But, if you use regular named volumes when running the container, the data is there. But I thought regular volumes persist - so what happens when you pull a later version of the container, with perhaps different data in the volume? Does it change the original volume?

[Later]

The docs at https://docs.docker.com/storage/volumes/#:~:text=If%20you%20start%20a%20container%20which%20creates%20a%20new%20volume,are%20copied%20into%20the%20volume. say:

Populate a volume using a container

If you start a container which creates a new volume, and the container has files or directories in the directory to be mounted such as /app/, the directory’s contents are copied into the volume. The container then mounts and uses the volume, and other containers which use the volume also have access to the pre-populated content.

But this does not seem to work with bind mounts if the directory already exists.

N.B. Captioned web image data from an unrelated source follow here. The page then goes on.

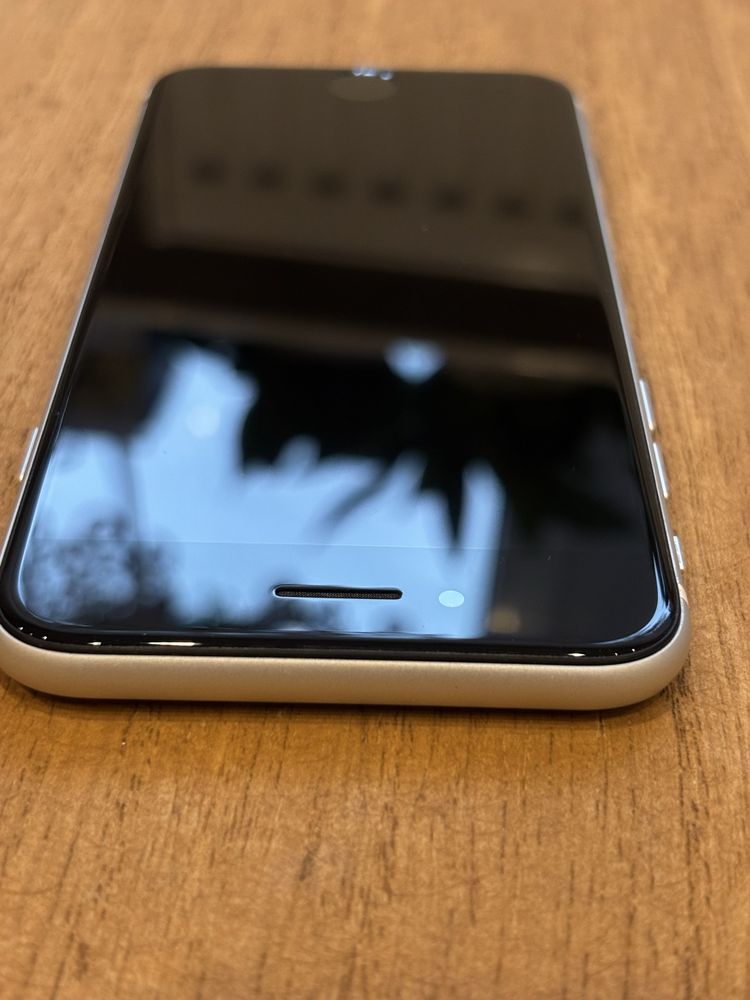 iPhone SE 2020 | 64 GB | Biały | Używany | Alcesoria w zestawie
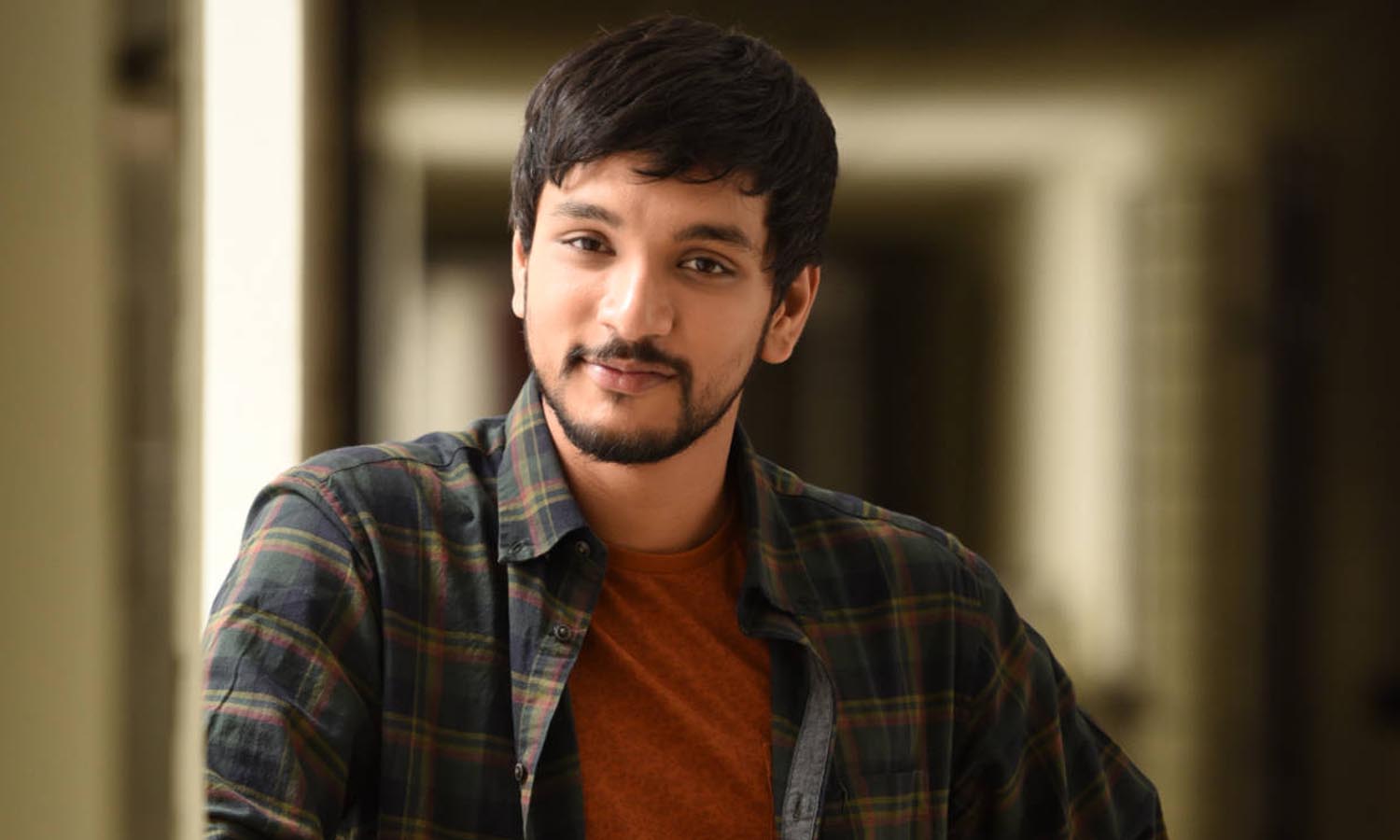 பார்க்கிங் பார்த்தேன் - கவுதம் கார்த்திக் நெகிழ்ச்சி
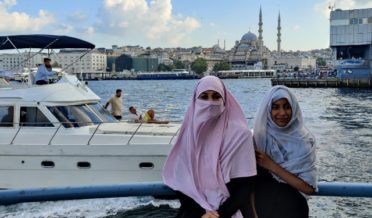 مضمون نگار اور ان کی صاحبزادی استنبول میں ، عقب میں ینی مسجد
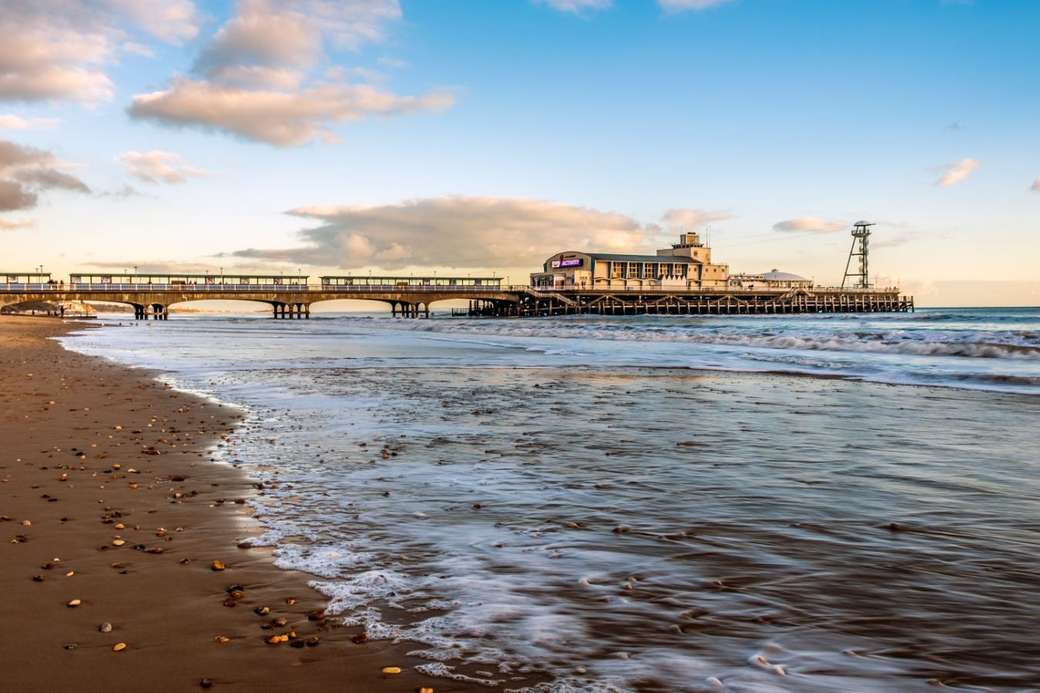 Ciudad costera de Bournemouth en el sur de Inglaterra rompecabezas en línea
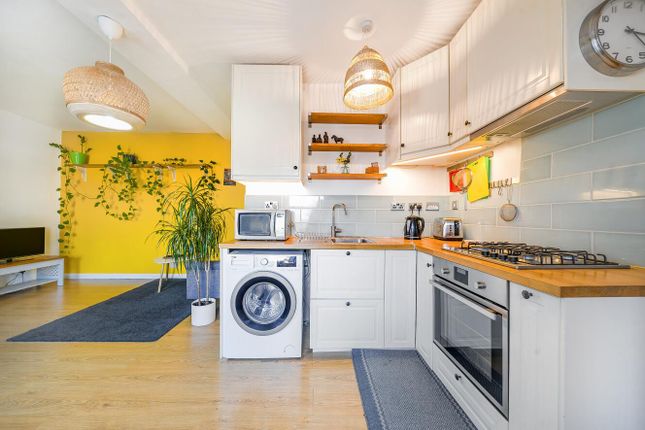 High Street, Penge, London, SE20 1 bed flat for sale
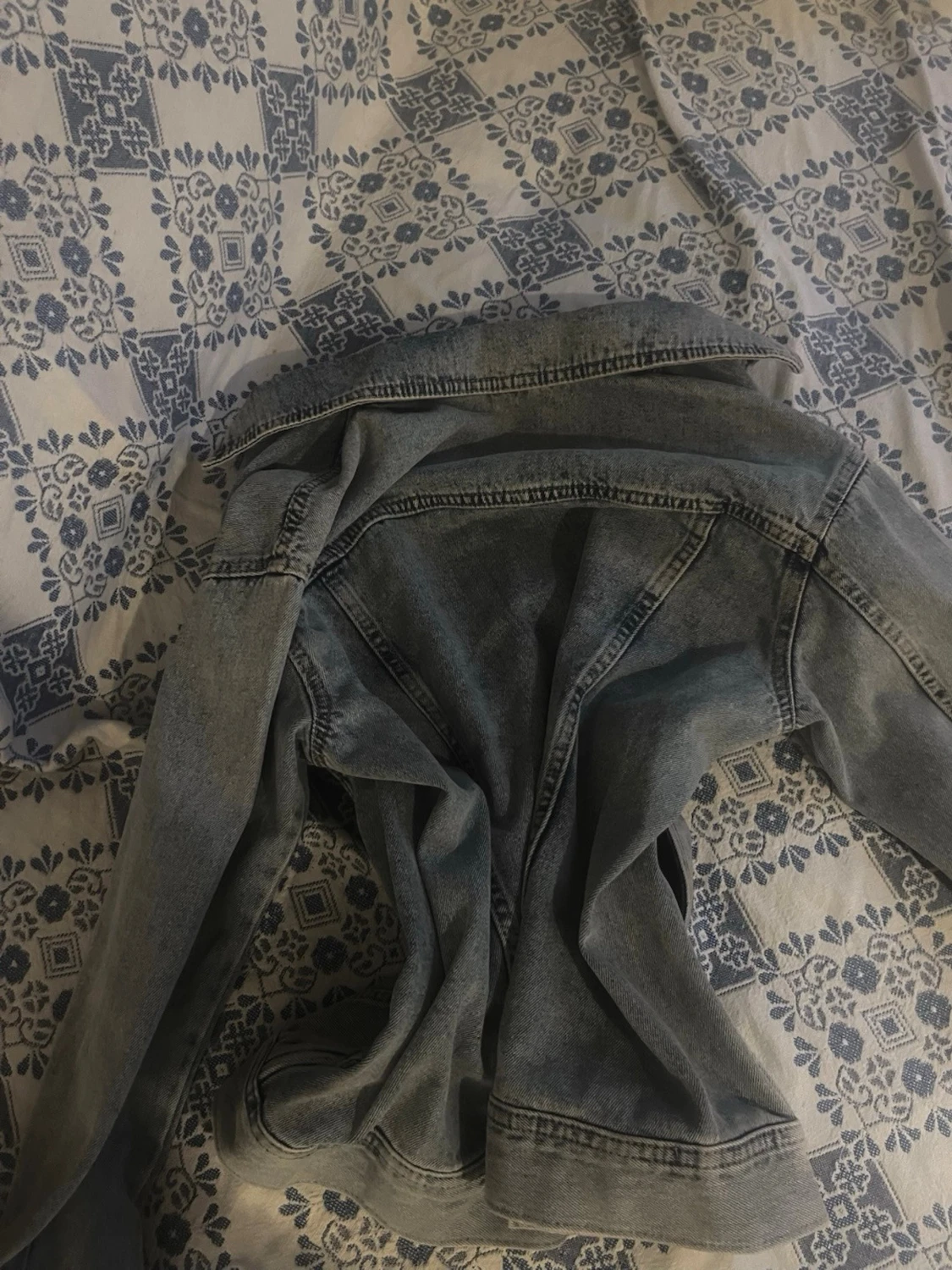 Klassisk ljusblå jeansjacka - 1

[Later] I have done some experiments to compare the behaviour of bind mount and docker volumes.

I used this Dockerfile:

FROM alpine
RUN mkdir /test \
    && echo 'echo "start `date`" >>/test/log' >/runtest \
    && echo 'echo "/log:"' >>/runtest \
    && echo 'cat /log' >>/runtest \
    && echo 'echo "/test/log:"' >>/runtest \
    && echo 'cat /test/log' >>/runtest \
    && echo 'sleep 99999999' >>/runtest \
    && chmod +x /runtest \
    && echo "build `date`" >/test/log \
    && echo "build `date`" >/log \
    && cat /runtest \
    && cat /log \
    && cat /test/log
CMD /runtest
VOLUME "/test"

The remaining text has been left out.